__WHAT IS BEING ASKED__:
Leave out the pictures and repeat everything else in the records exactly.

● ● ● ● ●

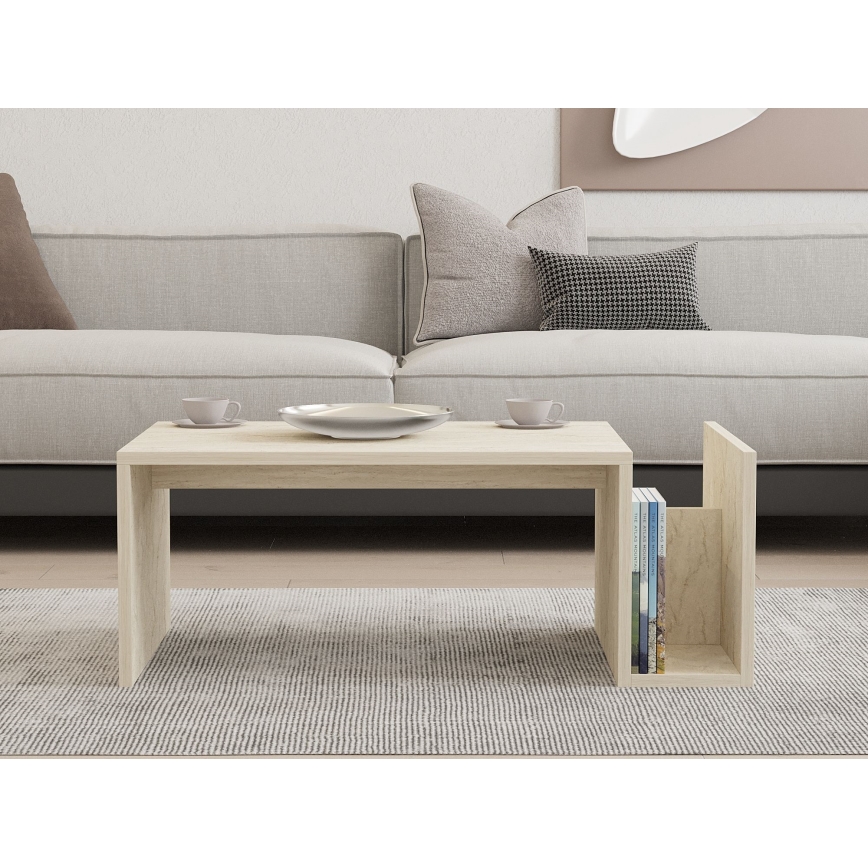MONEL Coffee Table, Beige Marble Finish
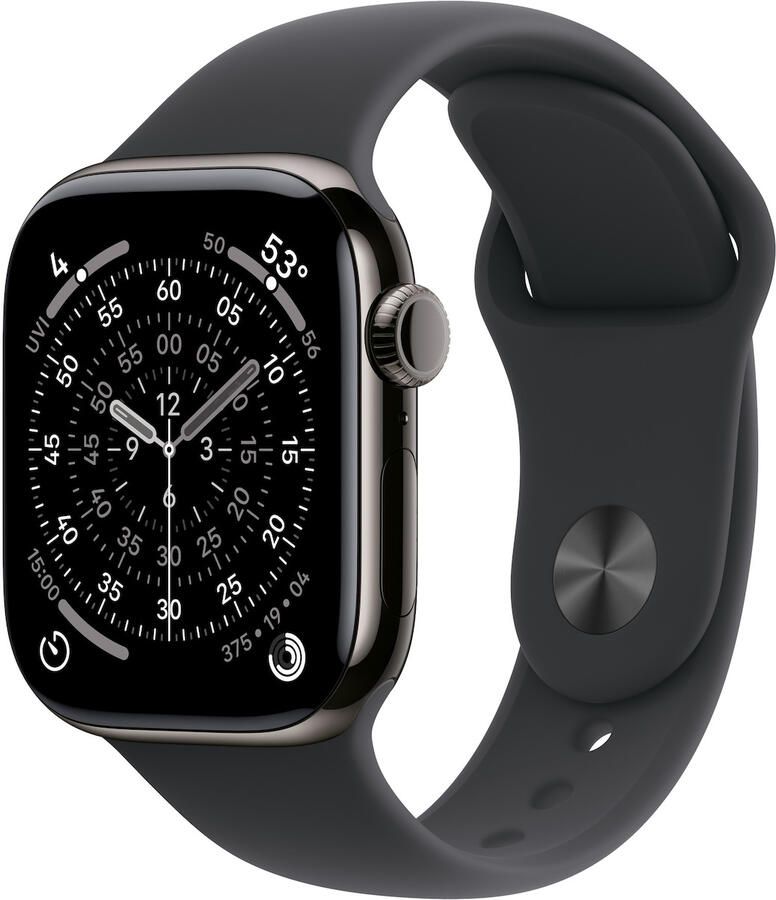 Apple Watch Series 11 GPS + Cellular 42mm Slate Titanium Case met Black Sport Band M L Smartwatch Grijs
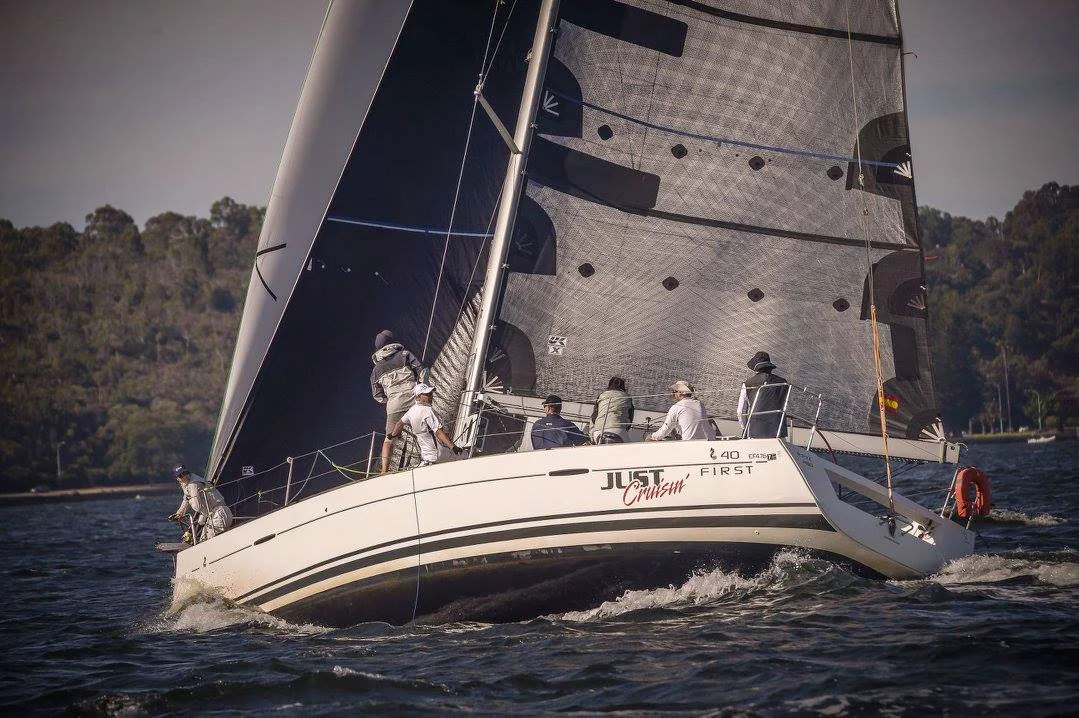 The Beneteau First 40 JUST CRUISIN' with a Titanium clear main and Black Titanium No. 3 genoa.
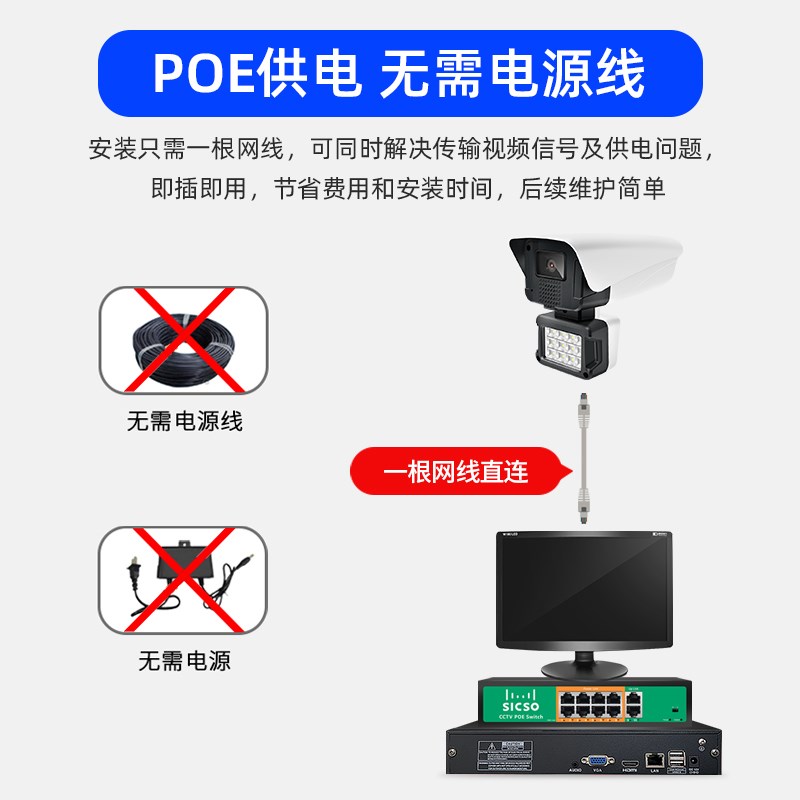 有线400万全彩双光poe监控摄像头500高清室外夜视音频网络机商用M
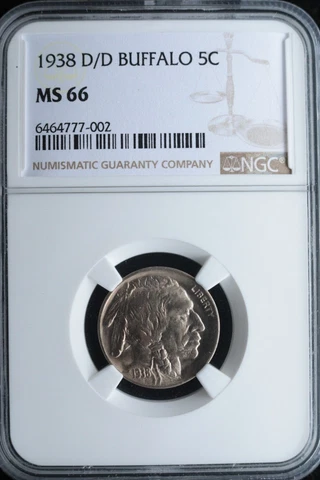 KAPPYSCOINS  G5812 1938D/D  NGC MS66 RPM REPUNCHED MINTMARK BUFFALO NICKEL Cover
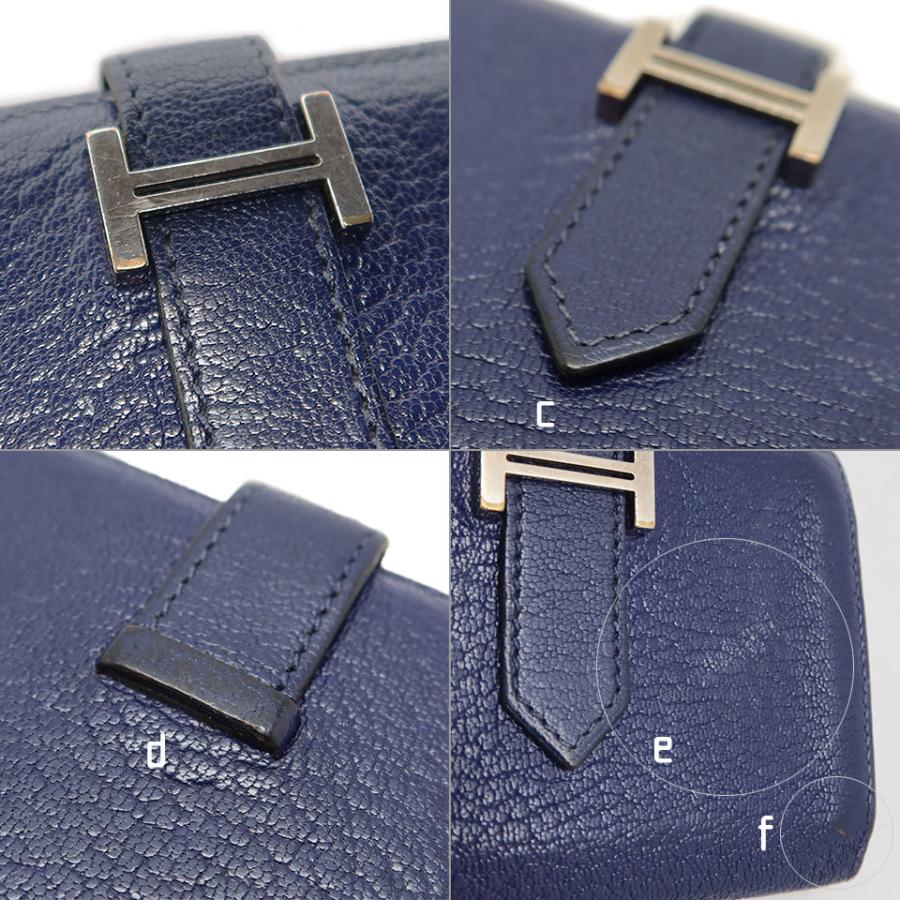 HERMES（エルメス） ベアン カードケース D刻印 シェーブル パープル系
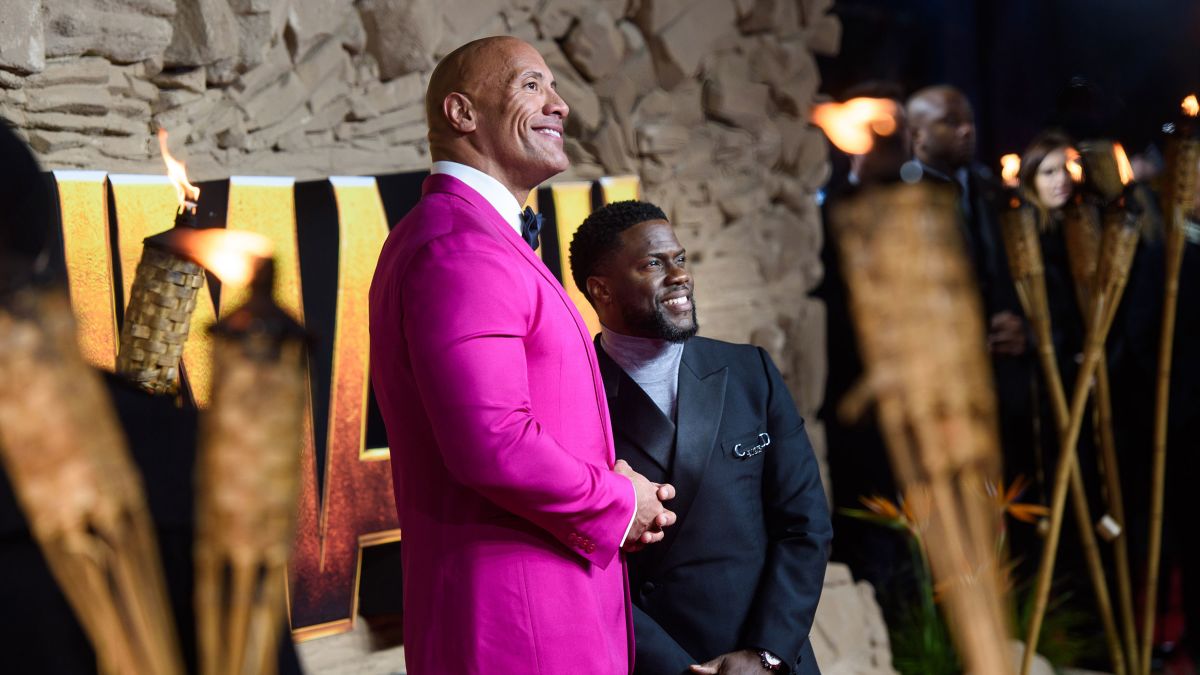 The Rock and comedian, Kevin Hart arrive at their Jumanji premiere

● ● ● ● ●

__TASK RESULT__:
MONEL Coffee Table, Beige Marble Finish
 Apple Watch Series 11 GPS + Cellular 42mm Slate Titanium Case met Black Sport Band M L Smartwatch Grijs
 The Beneteau First 40 JUST CRUISIN' with a Titanium clear main and Black Titanium No. 3 genoa.
 有线400万全彩双光poe监控摄像头500高清室外夜视音频网络机商用M
 KAPPYSCOINS  G5812 1938D/D  NGC MS66 RPM REPUNCHED MINTMARK BUFFALO NICKEL Cover
 HERMES（エルメス） ベアン カードケース D刻印 シェーブル パープル系
 The Rock and comedian, Kevin Hart arrive at their Jumanji premiere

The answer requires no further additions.